Is Sinai Israel’s Achilles’ heel?

J'lem reluctant to embark on counterterrorism in Egypt, a fact exploited by terrorists who targeted Eilat.

Netanyahu Sinai border 370 (photo credit: GPO)
Netanyahu Sinai border 370
(photo credit: GPO)
The al-Qaida-affiliated terrorists who targeted Eilat with rockets on Wednesday morning believe they have found Israel’s strategic Achilles’ heel.
Striking from Egypt’s Sinai Peninsula, they hope, rules out Israeli retaliation.
Jerusalem is highly reluctant to embark on any kind of counterterrorism operation on Egyptian territory, a fact readily exploited by Wednesday’s attackers.
It was the seventh rocket strike on Eilat since 2010, and time is running out for the IDF to find a way to close the security loophole threatening the Red Sea resort city.
The rockets were designed not only to sow death and destruction among civilians – which fortunately was averted on Wednesday – but also to bring about a collapse of Eilat’s vital tourism industry.
The Mujahadeen Shura Council, a Salafi jihadi group, claimed responsibility for the attack, releasing a triumphant video of its members launching the Grads. But it could end up paying a heavy price for its actions.
The group has assets in Gaza as well as Sinai. Its Gazan targets have already been struck in the past by the Israel Air Force.
In October 2012, the group was dealt a severe blow when its two most senior members were killed while riding a motorcycle by an Israeli air strike in response to a Grad rocket attack from Gaza.
But the global jihadis have bounced back.

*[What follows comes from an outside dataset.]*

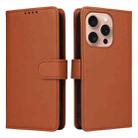 For iPhone 16 Pro BETOPNICE BN-005 2 in 1 Detachable Imitate Genuine Leather Phone Case(Brown) - 1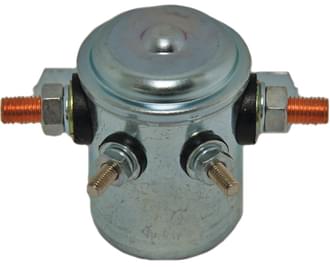 Solenoid 12V 80A Normally Open Continuous Duty Metal Side Mount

They refuse to recognize the Hamas-Israel cease-fire, opting to strain the truce again and again.
Most recently, at the beginning of April, the Shura council fired rockets at Sderot, prompting IAF counterstrikes for the first time since Operation Pillar of Defense in November.
With the group vulnerable to Israeli action in Gaza, the IAF might act even more forcefully against it in order to defend Eilat from future attacks.
Should that occur, however, Hamas will come under mounting pressure to terminate the truce.
Such pressure will be counterbalanced, however, by Israel’s credible deterrence; Hamas will be in no rush to invite renewed, bruising Israeli strikes.
Nevertheless, in today’s unstable region, small groups can trigger an unpredictable chain reaction that can lead to a much wider confrontation, and in multiple arenas.
An attack from Sinai can lead to an escalation in Gaza.
As it contemplates how to protect the people of Eilat, the IDF must prepare for all scenarios.